如果我们的推荐算法继承的是这个 Abstract Recommender 抽象类的话,我们实现一个自己的推荐算法的大致流程如下:

  1. Override 并且重新写 setup 方法
    setup 方法完成的任务主要是对算法成员变量的初始化,例如从配置文件中读取参数的操作可以写在这里,具体细节可以参考这篇博客中讲到的setup方法。 当然,这个步骤是可选步骤,但如果要重新写setup方法的时候,需要调用原抽象类中的setup方法,第一行用super.setup() ,保证算法的基本参数得到初始化。

  2. 实现 trainModel 方法
    trainModel 方法完成的任务是算法模型的训练,例如模型的损失函数利用梯度下降进行训练的过程,也就是需要我们写模型的地方!!!在基类 Abstract Recommender 中这个方法是为空的,方便后面继承的类进行改写、覆盖。

  3. 实现 predict 方法
    predict 方法完成的任务是,使用训练好的模型进行预测。
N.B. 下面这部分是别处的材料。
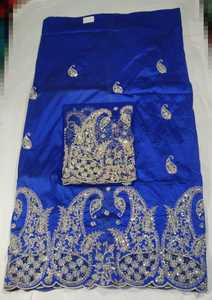 Colección Formal Impresionante: Exclusivo Wrapper Nigeriano George con Pedrería en Tela de Tafetán de Seda con Patrón Abstracto - Product Image 5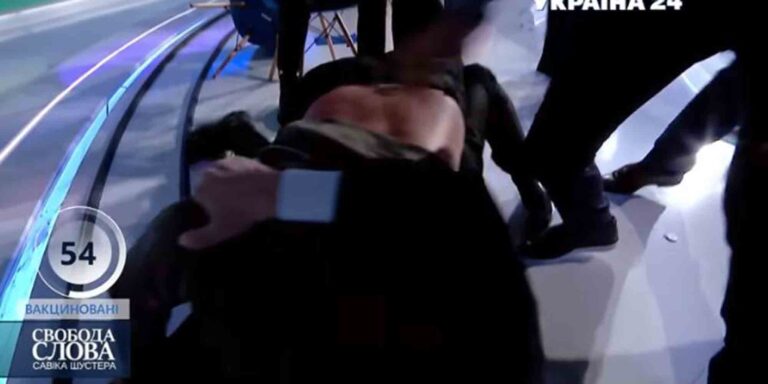 Ουκρανία: Απίστευτο ξύλο σε τηλεοπτική εκπομπή ανάμεσα σε δημοσιογράφο και φιλορώσο πολιτικό (βίντεο)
例如对于评分预测算法,在 predict 方法中需要对测试集中的每个评分值进行预测,即对于给定的 user index 和 item index,使用模型预测它们之间的评分。

是的,正如你看到的那么简单,只要把以上三个方法写了就可以了。下面给出一个直接继承 Abstract Recommender 的推荐算法,比如 USG 算法(好吧,代码有点长,而且没有注释,大家不用细看,不过本意就是让大家看看以上三个方法在 USG 算法中是怎样写的,有没有发现除了这三个方法外,还有其他的方法,有些部分直接覆盖了基类的其他方法,有些部分是为了辅助以上三个方法的部分操作写的~)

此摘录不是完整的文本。